> **TASK OBJECTIVE**
Reproduce exactly the lines below, from the first through the one containing "Toalha de bebé", and nothing more.
+ + + +
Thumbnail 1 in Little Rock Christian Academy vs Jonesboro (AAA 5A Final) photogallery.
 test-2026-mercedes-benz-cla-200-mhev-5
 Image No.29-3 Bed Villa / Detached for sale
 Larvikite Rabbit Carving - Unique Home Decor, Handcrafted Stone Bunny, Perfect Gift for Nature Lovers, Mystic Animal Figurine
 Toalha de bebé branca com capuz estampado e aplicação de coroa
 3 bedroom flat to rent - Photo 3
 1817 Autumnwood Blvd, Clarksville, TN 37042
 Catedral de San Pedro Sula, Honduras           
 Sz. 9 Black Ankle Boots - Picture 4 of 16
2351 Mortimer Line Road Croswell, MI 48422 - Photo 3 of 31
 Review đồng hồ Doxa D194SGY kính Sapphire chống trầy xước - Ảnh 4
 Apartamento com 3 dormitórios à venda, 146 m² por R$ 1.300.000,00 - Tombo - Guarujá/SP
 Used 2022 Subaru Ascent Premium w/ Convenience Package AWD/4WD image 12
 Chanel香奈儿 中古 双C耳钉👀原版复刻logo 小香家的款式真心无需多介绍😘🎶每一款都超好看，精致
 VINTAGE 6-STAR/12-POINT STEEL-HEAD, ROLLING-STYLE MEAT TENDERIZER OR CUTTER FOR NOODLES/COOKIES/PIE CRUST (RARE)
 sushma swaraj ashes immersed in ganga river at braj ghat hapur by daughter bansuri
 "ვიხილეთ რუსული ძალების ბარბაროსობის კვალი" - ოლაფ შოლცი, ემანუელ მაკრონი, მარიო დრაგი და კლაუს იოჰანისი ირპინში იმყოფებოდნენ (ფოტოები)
+ + + +
> **RESULT BELOW**
Thumbnail 1 in Little Rock Christian Academy vs Jonesboro (AAA 5A Final) photogallery.
 test-2026-mercedes-benz-cla-200-mhev-5
 Image No.29-3 Bed Villa / Detached for sale
 Larvikite Rabbit Carving - Unique Home Decor, Handcrafted Stone Bunny, Perfect Gift for Nature Lovers, Mystic Animal Figurine
 Toalha de bebé branca com capuz estampado e aplicação de coroa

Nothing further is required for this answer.